───── Available data ─────

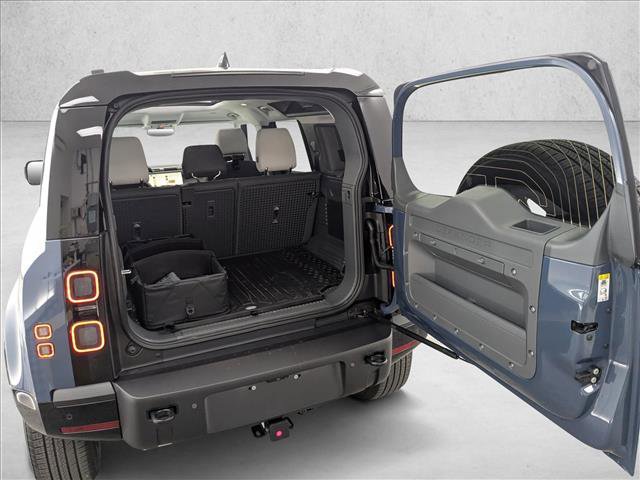 New 2026 Land Rover Defender 110 X-Dynamic SE image 9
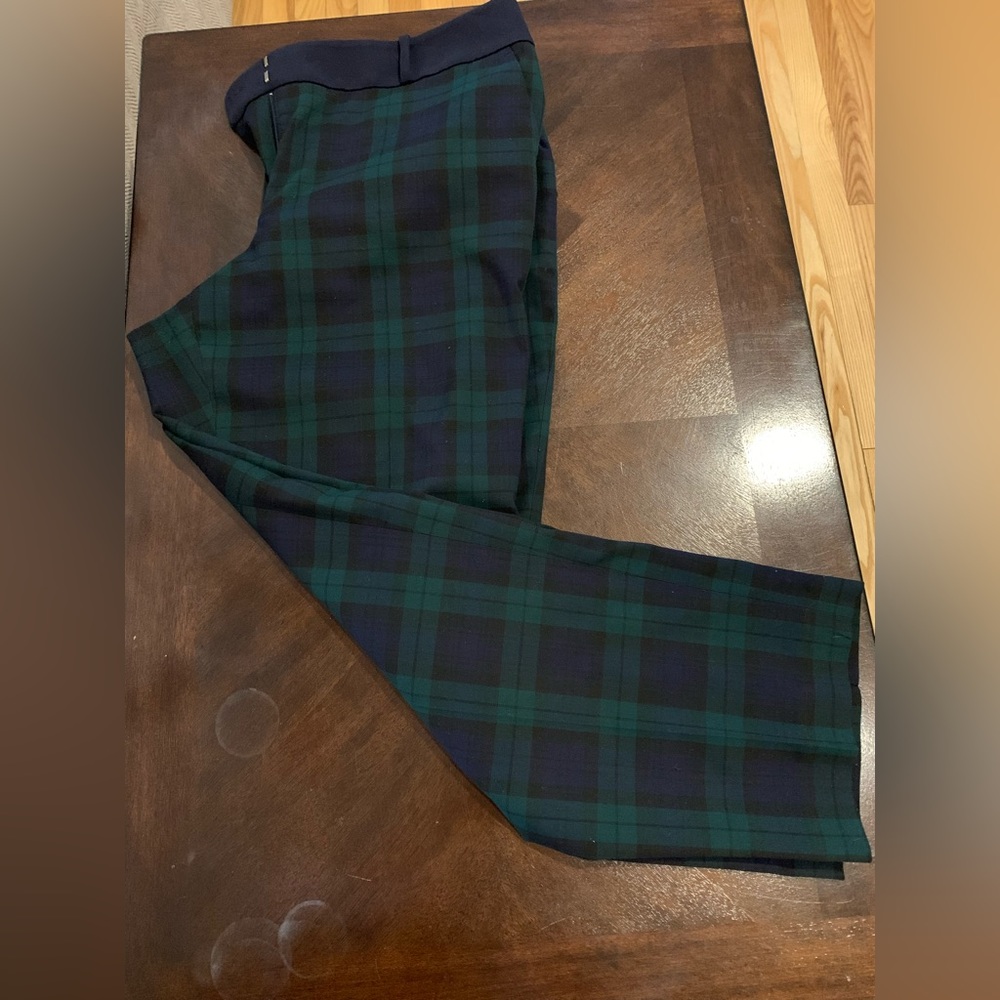 Loft Julie Ankle slacks in size 14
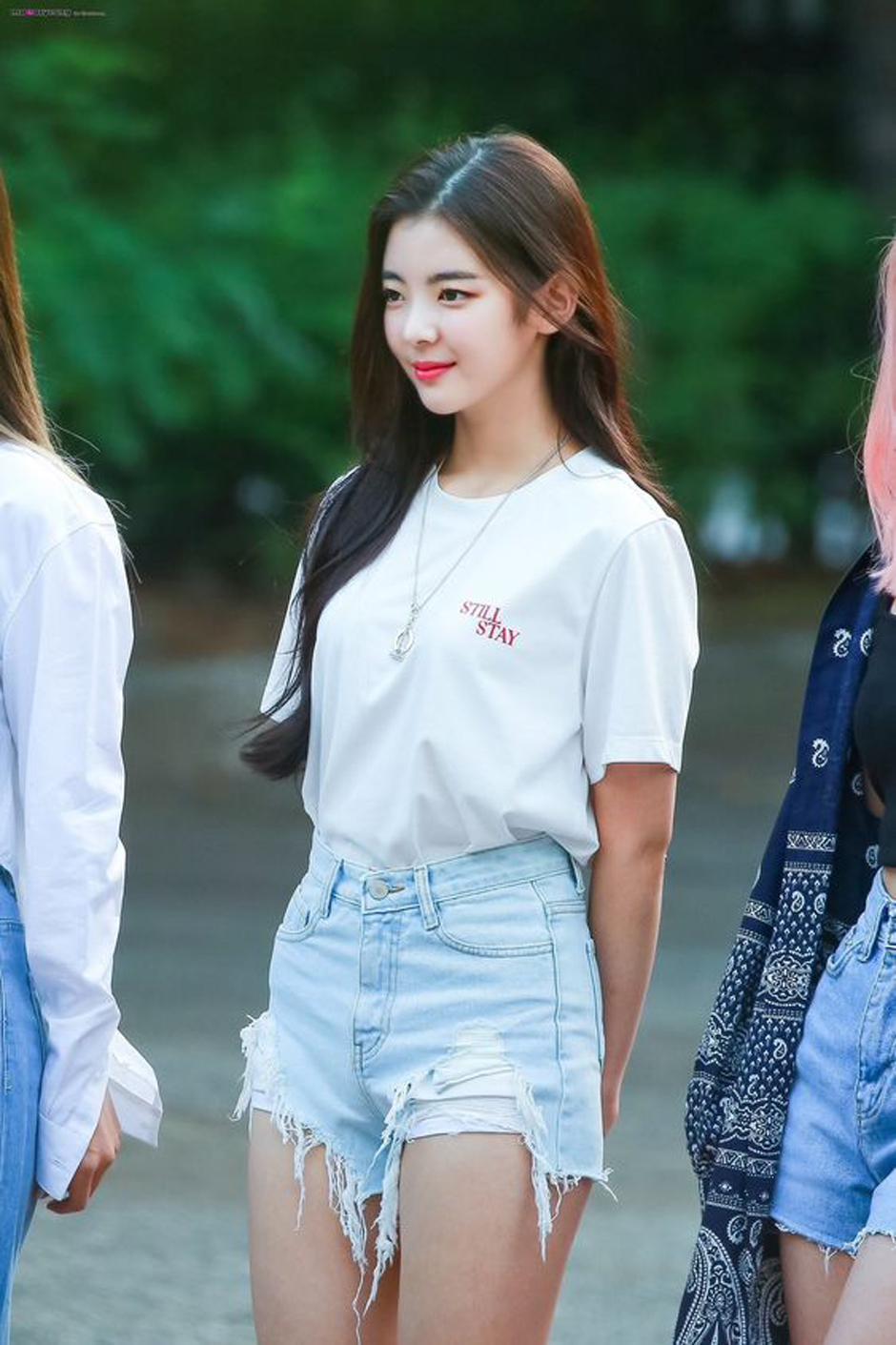 Quần short denim phù hợp cho mùa hè.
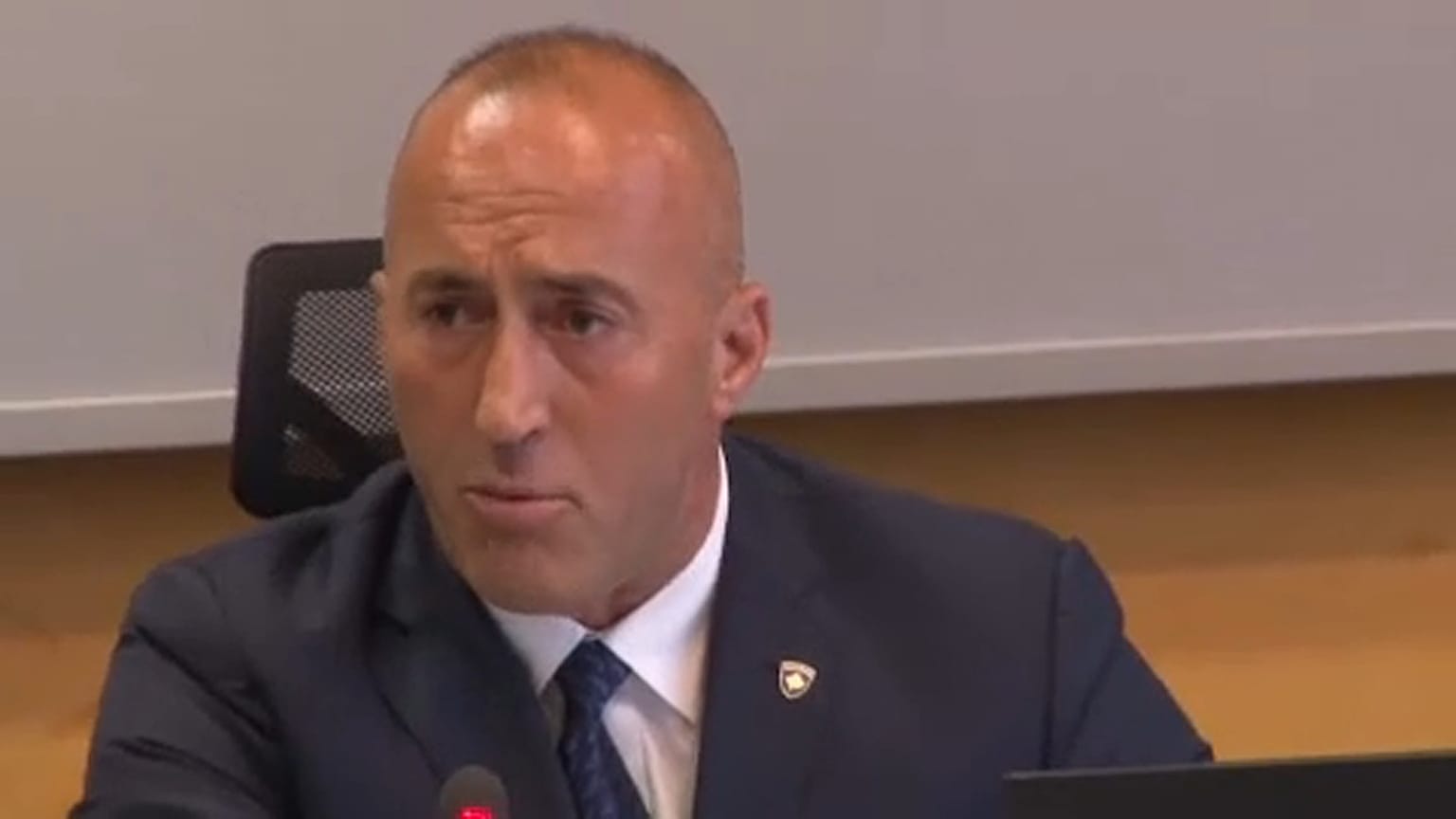 Háborús bűnökkel kapcsolatban hallgatták ki a volt koszovói kormányfőt Hágában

─────

#### Assignment
What belongs in the answer is each line above, reproduced exactly, and no picture.

#### Response to this task
 New 2026 Land Rover Defender 110 X-Dynamic SE image 9
 Loft Julie Ankle slacks in size 14
 Quần short denim phù hợp cho mùa hè.
 Háborús bűnökkel kapcsolatban hallgatták ki a volt koszovói kormányfőt Hágában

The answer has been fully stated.